Ngrams are extracted from the license corpuses and are crosschecked for uniqueness by constructing a graph mapping corpus nodes to ngram nodes.

                            +------+                             +------+       +------+
                            |File A|                             |File B|       |File C|
                            +---+--+                             +--+---+       +---+--+
                                |                                   |               |
                                |                                   |               |
          +---------------------------------------------+           |               |
          |                     |                       |           |               |
          |                     |                       |           |               |
          |                     |                       |           |               |
          |                     |                       |           |               |
          |                     |                       |           |               |
          |                     |                       |           |               |
          |                     |                       |           |               |
          |                     |                       +-----------+>--------------+
          |                     |                       |                           |
          |                     |                       |                           |
          |                     |                       |                           |
          |                     |                       |                           |
          |                     |                       |                           |
          |                     |                       |                           |
+---------v---------+   +-------v--------+   +----------v---------+   +-------------v-------------+
|[This, is, example]|   |is, example, of]|   |[example, of, ngram]|   |[of, ngram, categorization]|
+-------------------+   +----------------+   +--------------------+   +---------------------------+

We start by iterating over each ngram and checking the number of edges from that ngram to corpus nodes. If the number is one, that means that that particular ngram is unique to the corpus (at that particular level, but more on that shortly), if the number is greater than one then we do an edge cleanup. Edge cleanup consists of removing edges to already finished corpuses. Corpus is considered finished when N unique ngrams were found for that corpus. At the end of each iteration we increase the level value to distinguish between corpuses consisting solely of unique ngrams (1st order) or "redeemed unique" ngrams (nth order, n > 1). "Redeemed unique" means that these ngrams were selected because an edge from that ngram to some now finished corpus was removed during previous iteration.

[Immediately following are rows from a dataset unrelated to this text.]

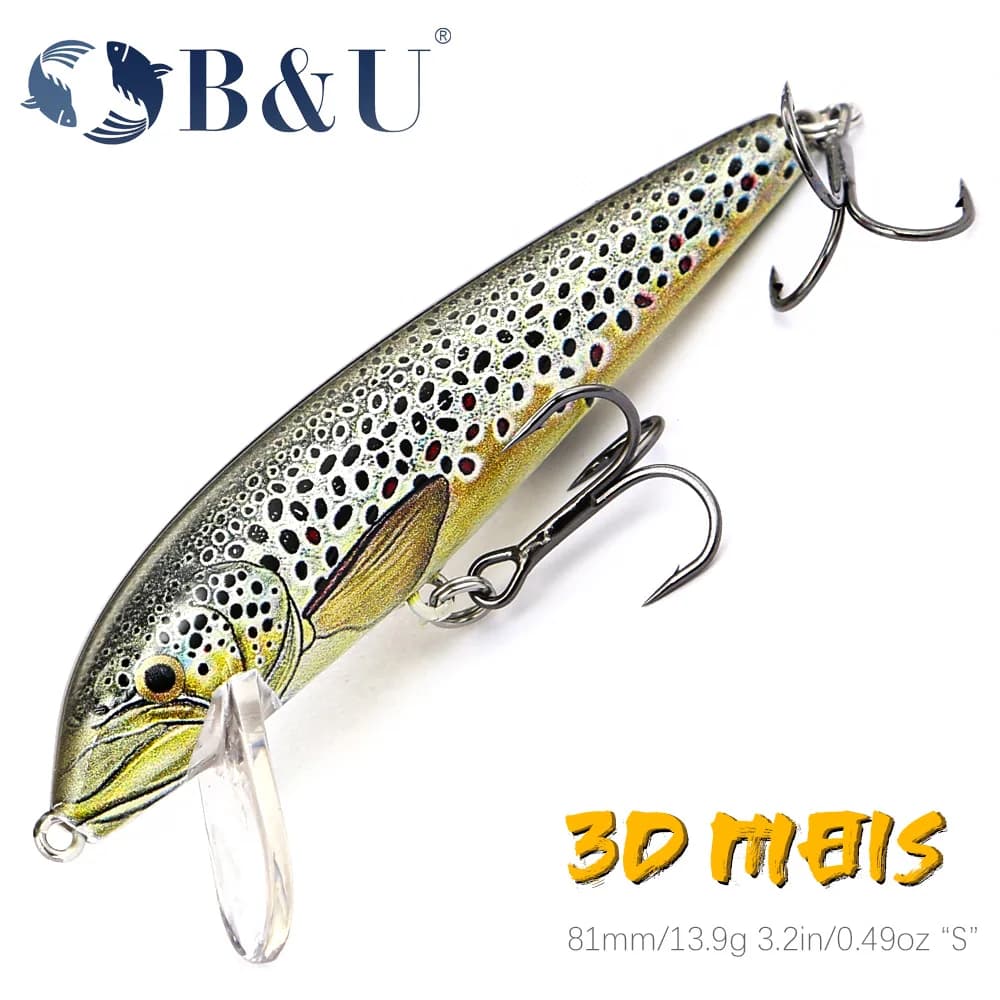 B & U 80mm Affondamento Minnow Wobbling Richiamo di Pesca Esche Artificiali Persico Spigola Luccio Trota Esca Dura Jerkbait Attrezzatura Da Pesca
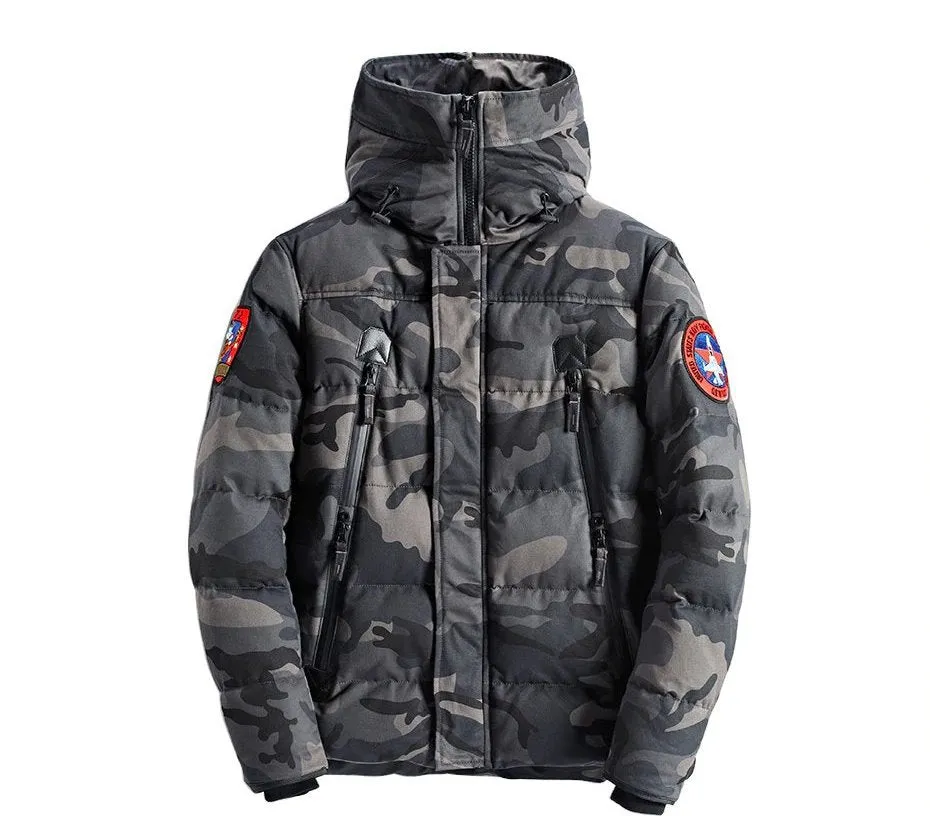 Men's Winter Warm Camouflage Hooded Parka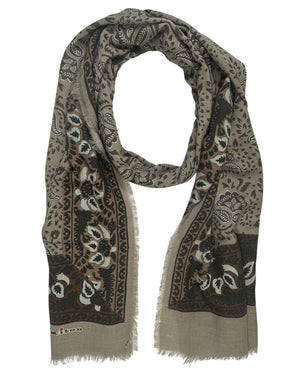 Kiton Scarf Taupe Brown Floral - Luxury Cashmere Silk Shawl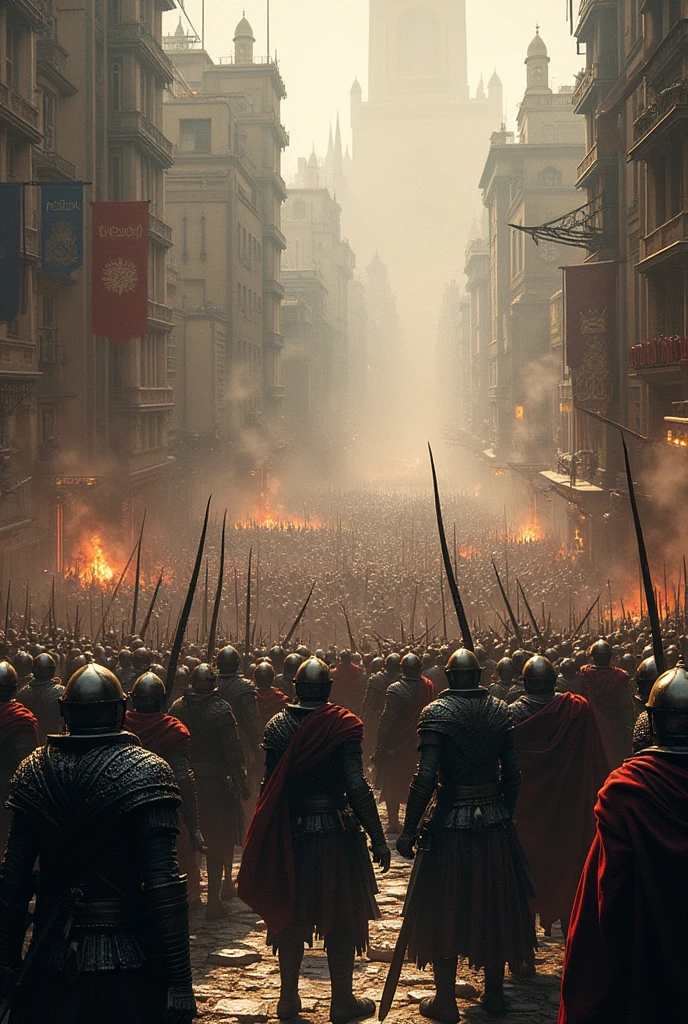 City with two armies in battle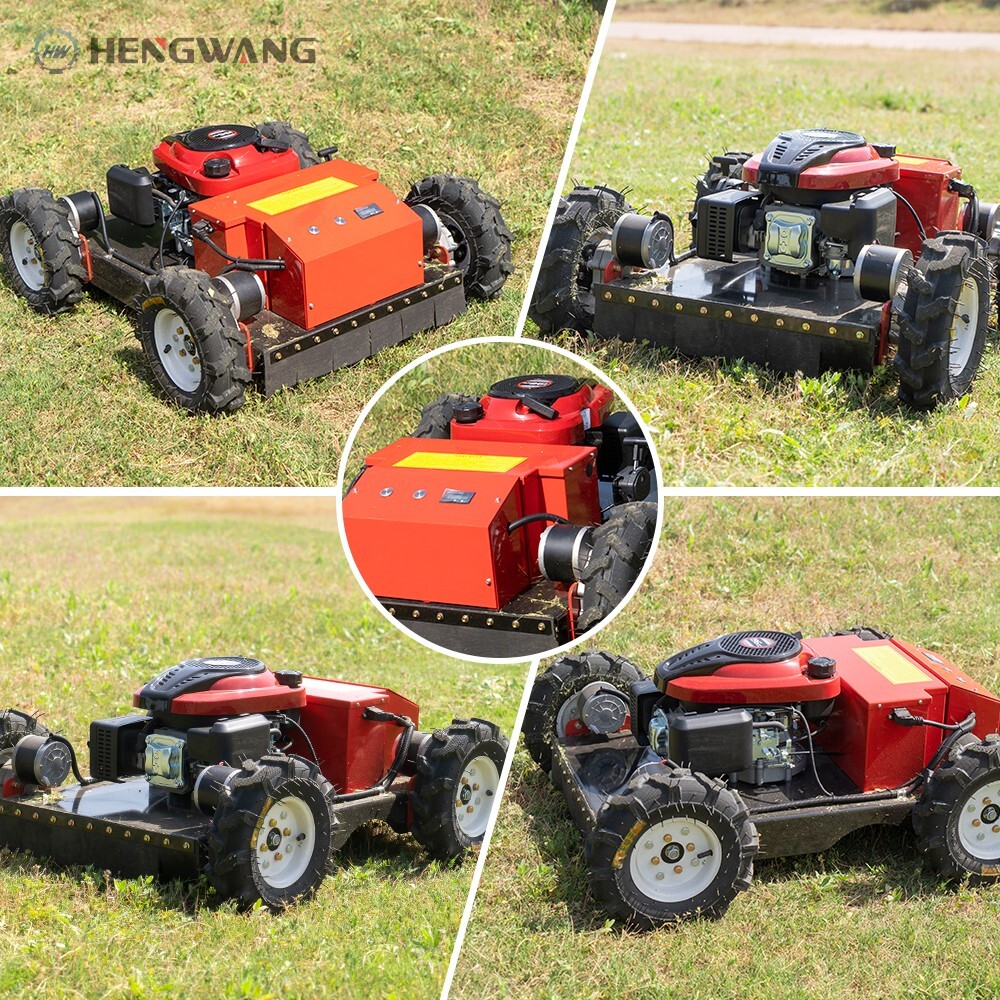 200m Household Gasoline Remote Control Lawn Mower With Large Mowing Area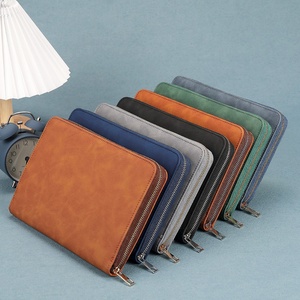 PU Leather Portfolio Office Supplies Journal with Zipper Document Bag <b>File</b> Folder Accessories Padfolio Folder - Product Image 2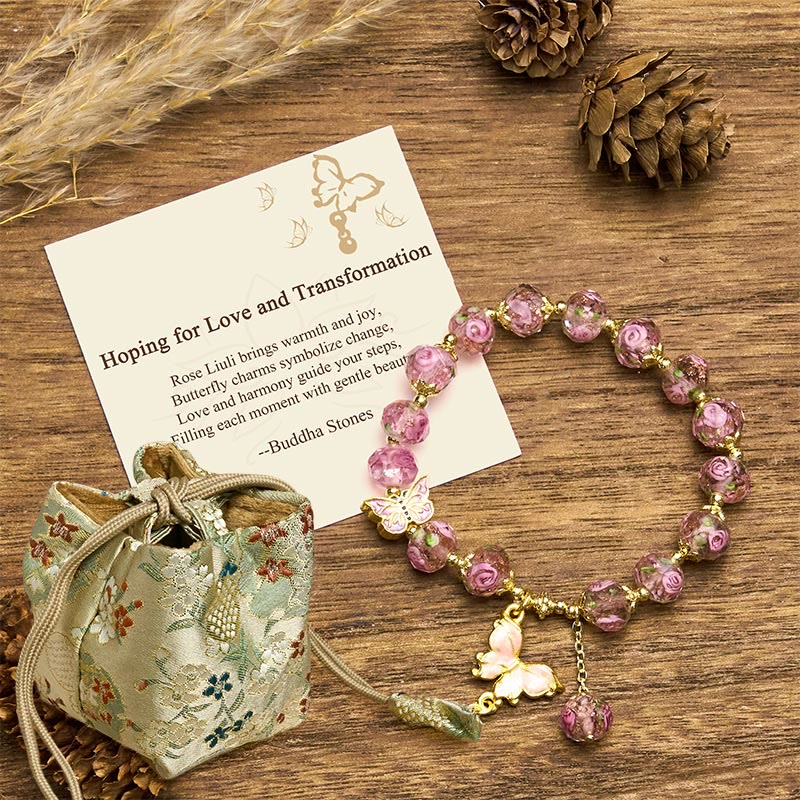 Buddha Stones "Hoping for Love and Transformation" Butterfly Bracelet Includes Gift Message Card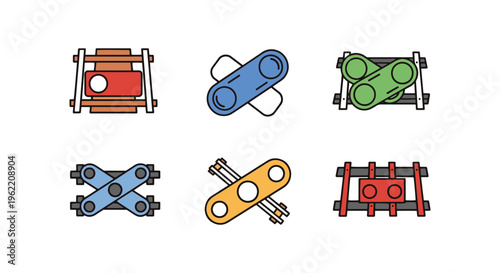 rail switch Line art vector minimal abstract design illustration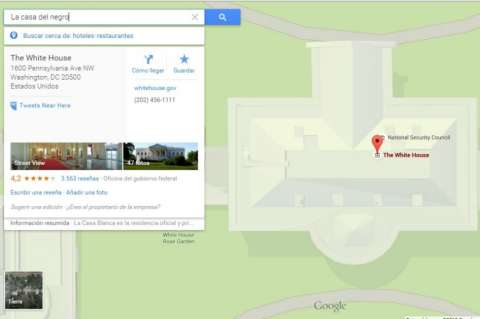 El curioso resultado de buscar "La casa del negro" en Google Maps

Let's assume that we're ok with a single ngram per corpus so we start iterating through the ngrams:

1: (This, is, example) -> File A

First ngram is assigned to File A and since there's no other ngram we proceed to next iteration, after the edge cleanup we get:

                                                                 +------+       +------+
                                                                 |File B|       |File C|
                                                                 +--+---+       +---+--+
                                                                    |               |
                                                                    |               |
                                                                    |               |
                                                                    |               |
                                                                    |               |
                                                                    |               |
                                                                    |               |
                                                                    |               |
                                                                    |               |
                                                                    |               |
                                                        +-----------+>--------------+
                                                        |                           |
                                                        |                           |
                                                        |                           |
                                                        |                           |
                                                        |                           |
                                                        |                           |
                                             +----------v---------+   +-------------v-------------+
                                             |[example, of, ngram]|   |[of, ngram, categorization]|
                                             +--------------------+   +---------------------------+

Third ngram has a single edge to File B now:

2: (example, of, ngram) -> File B

The next iteration the graph looks like this after edge cleanup:

          +------+
          |File C|
          +---+--+
              |
              |
              |
              |
              |
              |
              |
              |
              |
              |
              |
              |
              |
              |
              |
              |
              |
+-------------v-------------+
|[of, ngram, categorization]|
+---------------------------+

Which gives us:

3: (example, of, ngram) -> File C

The level information is finally used by the search algorithm to pick the best candidate (lowest level).